Associate Professor Of Mathematics Thomas Pietraho explains his research as being a study in symmetry.

We are all familiar with symmetry in the geometric and aesthetic sense: the radial symmetry of a starfish or the bilateral symmetry of a leaf.

For mathematicians like Professor Pietraho, questions of symmetry are of great theoretical importance and carry far-reaching ramifications in mathematics and beyond.

Such questions seek to determine what actions can be done to an object while still preserving that object's fundamental qualities (i.e. turning a square by 90 degrees). These actions are known as symmetries.

In Professor Pietraho's work, the concept of symmetry is generalized, placing related symmetries into mathematical objects called groups.

The primary concern in his research is in relating certain qualities of highly specified groups of symmetries, called Lie groups, using techniques from a branch of mathematics known as representation theory.

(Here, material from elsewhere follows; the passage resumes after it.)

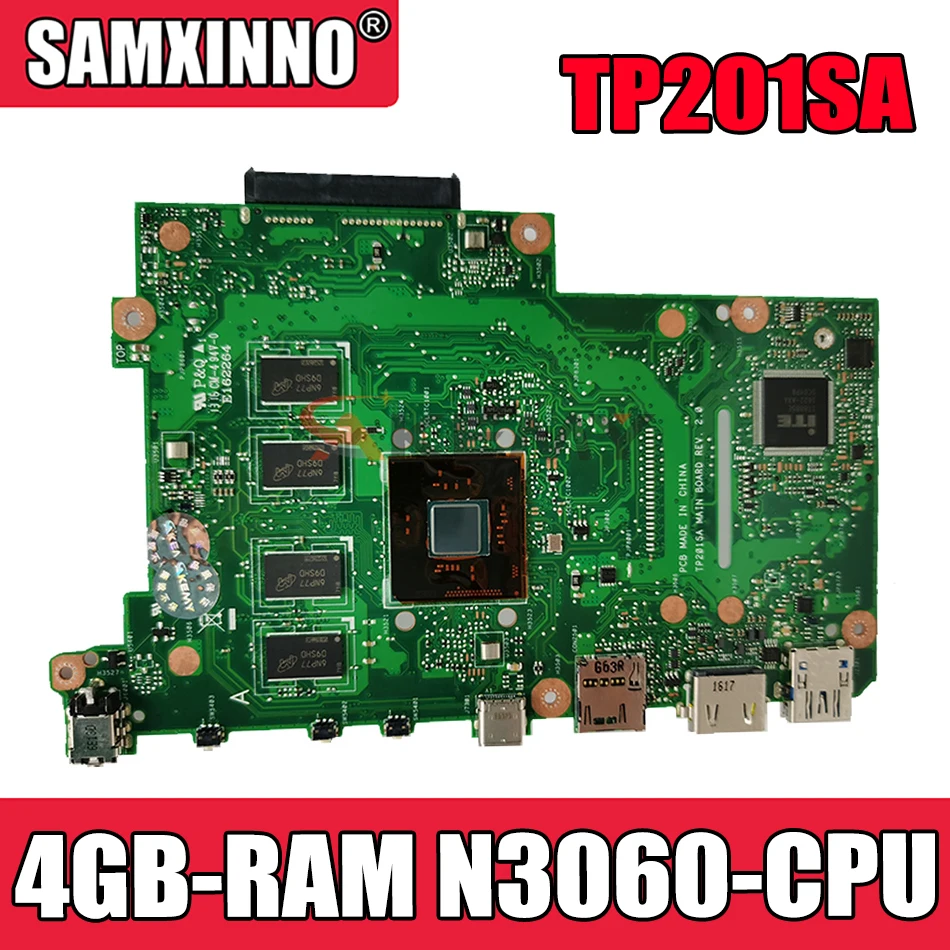Материнская плата Akemy TP201SA для ноутбука ASUS TP201SA, оригинальная материнская плата 4 ГБ-Оперативная память
Материнская плата Akemy TP201SA для ноутбука ASUS TP201SA, оригинальная материнская плата 4 ГБ-Оперативная память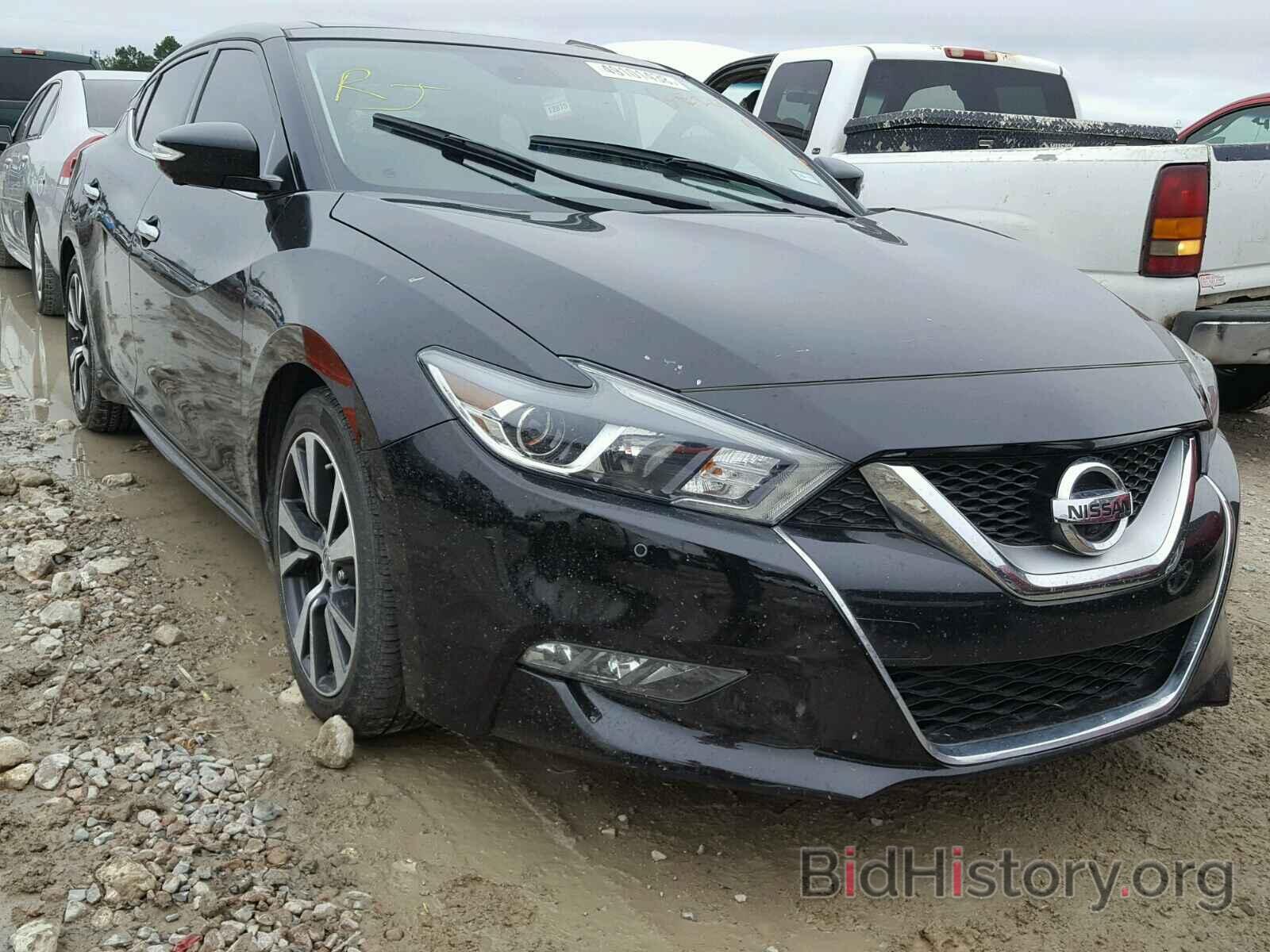 Фотография 1N4AA6AP3HC407195 - NISSAN MAXIMA 2017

Non-mathematicians who seek to understand a mathematician's research have a general tendency to nod furiously and absently while attempting to understand what in the world is possibly being said.

Mathematics is a language unto itself, so listening to it or reading it when unfamiliar with the terminology can be much like trying to get directions in France when you only speak Mandarin.

Luckily, Professor Pietraho's research offers us much more than incomprehensible words: a glimpse into why a mathematician would want to study such a distant and austere topic.

On the mathematician's aesthetic, Professor Pietraho says, "In the same way that a chemist would like to be able to describe the elements on the periodic table, a mathematician would like to classify all symmetries possible in the universe."

This reason is hard for most of us, as non-mathematicians (and non-chemists), to understand, but the beauty of working with something that is fundamental and pure is a profound impetus for many mathematicians' work, Professor Pietraho included.

The other reason he gives is grounded in the applicability of his research, despite its ostensible abstraction.

He says, "Representation theory has had many important applications. Understanding symmetries of the circle, a fairly simple geometrical object, has led to the development of .mp3 compression, tide prediction, global temperature patterns...among many others."